Tower Resources upbeat on latest estimates at Algoa-Gamtoos
Africa-focussed oil and gas company Tower Resources announced on Monday that its subsidiary Rift Petroleum has received updated resource estimates from its 50% partner and licence operator New Age Energy Algoa.
The AIM-traded firm said the update came after New Age's interpretation of the reprocessing of additional 2D seismic data covering the Algoa-Gamtoos license, offshore South Africa.
It said the reprocessing work encompassed 4,500 line kilometres of 2D seismic data, incorporating both data already owned by the partners and also further data acquired from the Petroleum Authority of South Africa (PASA), including tie lines from Brulpadda to the Algoa-Gamtoos area, together with two post-stack merged 3D seismic surveys in the Algoa Basin.

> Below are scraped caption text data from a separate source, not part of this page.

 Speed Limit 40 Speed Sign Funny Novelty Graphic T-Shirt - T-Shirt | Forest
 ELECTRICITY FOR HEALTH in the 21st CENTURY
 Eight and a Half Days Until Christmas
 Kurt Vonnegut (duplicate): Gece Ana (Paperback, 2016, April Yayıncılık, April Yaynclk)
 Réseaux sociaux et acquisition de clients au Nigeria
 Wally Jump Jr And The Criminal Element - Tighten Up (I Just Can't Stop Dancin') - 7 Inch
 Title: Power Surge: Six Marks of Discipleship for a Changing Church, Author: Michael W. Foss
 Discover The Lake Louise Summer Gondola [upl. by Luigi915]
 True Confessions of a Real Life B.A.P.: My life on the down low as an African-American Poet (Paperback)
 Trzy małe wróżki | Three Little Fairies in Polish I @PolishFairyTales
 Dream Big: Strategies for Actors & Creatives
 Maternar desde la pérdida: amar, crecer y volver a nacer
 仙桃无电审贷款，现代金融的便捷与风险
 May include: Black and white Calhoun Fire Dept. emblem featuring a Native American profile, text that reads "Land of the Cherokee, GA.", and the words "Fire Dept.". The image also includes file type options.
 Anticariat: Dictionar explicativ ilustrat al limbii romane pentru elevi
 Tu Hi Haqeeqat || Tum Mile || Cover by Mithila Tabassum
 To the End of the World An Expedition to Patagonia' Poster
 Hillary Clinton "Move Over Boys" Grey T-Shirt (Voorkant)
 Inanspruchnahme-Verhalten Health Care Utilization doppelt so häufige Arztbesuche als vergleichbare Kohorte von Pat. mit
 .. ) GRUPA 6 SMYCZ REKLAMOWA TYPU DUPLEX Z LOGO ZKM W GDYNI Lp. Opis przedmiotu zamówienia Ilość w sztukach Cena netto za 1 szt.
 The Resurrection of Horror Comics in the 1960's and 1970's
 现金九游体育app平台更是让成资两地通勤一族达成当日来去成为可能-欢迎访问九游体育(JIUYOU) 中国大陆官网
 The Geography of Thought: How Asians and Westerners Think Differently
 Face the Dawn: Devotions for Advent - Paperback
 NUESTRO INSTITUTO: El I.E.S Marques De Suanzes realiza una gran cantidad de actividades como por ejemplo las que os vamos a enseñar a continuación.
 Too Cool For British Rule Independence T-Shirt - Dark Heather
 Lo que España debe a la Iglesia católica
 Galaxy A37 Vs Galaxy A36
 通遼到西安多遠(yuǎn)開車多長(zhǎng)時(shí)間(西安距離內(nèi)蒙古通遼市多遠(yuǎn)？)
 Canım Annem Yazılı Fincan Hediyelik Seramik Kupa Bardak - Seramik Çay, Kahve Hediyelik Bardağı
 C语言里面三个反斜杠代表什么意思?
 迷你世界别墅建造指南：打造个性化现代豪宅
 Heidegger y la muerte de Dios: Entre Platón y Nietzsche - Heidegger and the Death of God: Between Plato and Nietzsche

The work was undertaken by PGS, and the focus was on creating a time and phase matched dataset covering the Gamtoos Basin and the deepwater section of the licence area.
Tower said the resulting seismic dataset showed an overall improvement in bandwidth, de-noise and imaging.
Structural imaging was “substantially sharper” than in the previous vintage dataset, with gathers “significantly” flatter with less noise, and the operator placing greater confidence in the amplitude versus offset analysis.
The board said the impact on what could be seen in the deepwater section of the licence was “especially pronounced”, allowing the operator to identify a deeper level slope, and three separate reservoir targets.
Those targets included a shallow section, a deeper slope section, and a basin floor fan section.
In addition, the company said the operator had been able to identify a new substantial lead in a submarine fan complex in the shallow-water Gamtoos area of the licence, which it estimated to contain 135 million barrels of oil equivalent recoverable resources, and had updated its estimates of the recoverable resources in the other leads it had already identified, some of which now appeared larger and others smaller.
Overall, the firm said the operator had increased the portfolio volumes by 54% as a result of reprocessing seismic data and reinterpretation.
“As previously noted, the Algoa-Gamtoos licence is located adjacent to Total's blocks 11B/12B, where Total has made discoveries in excess of one billion barrels of oil equivalent at Brulpadda and Luiperd, in the Outeniqua basin that runs across those blocks,” the board said in its statement.
“The Algoa-Gamtoos license also contains the southern deep-water basin margin of the Outeniqua Basin and is approximately 150 kilometres along strike to the east of Total's Brulpadda and Luiperd-1X wells.”
Tower said the Luiperd-1X well encountered 73 metres of good quality net pay in 85 metres of gross sands in the main target interval and, according to Africa Energy which owns 49% of Main Street 1549 Proprietary - one of Total's partners in the well - the well reached a maximum constrained flow-rate through a 58/64 inch choke of 33 million cubic feet per day of natural gas, and 4,320 barrels of condensate per day, making for an aggregate of about 9,820 barrels of oil equivalent per day.
“The choke configuration could not be increased due to surface equipment limitations,” the board said.
“The absolute open flow potential of the well is expected to be significantly higher than the restricted test rates.
“Current indications are that the Luiperd discovery is larger than the one billion barrels of oil equivalent Brulpadda discovery announced in 2019.”
At 1117 GMT, shares in Tower Resources were up 7.84% at 0.55p.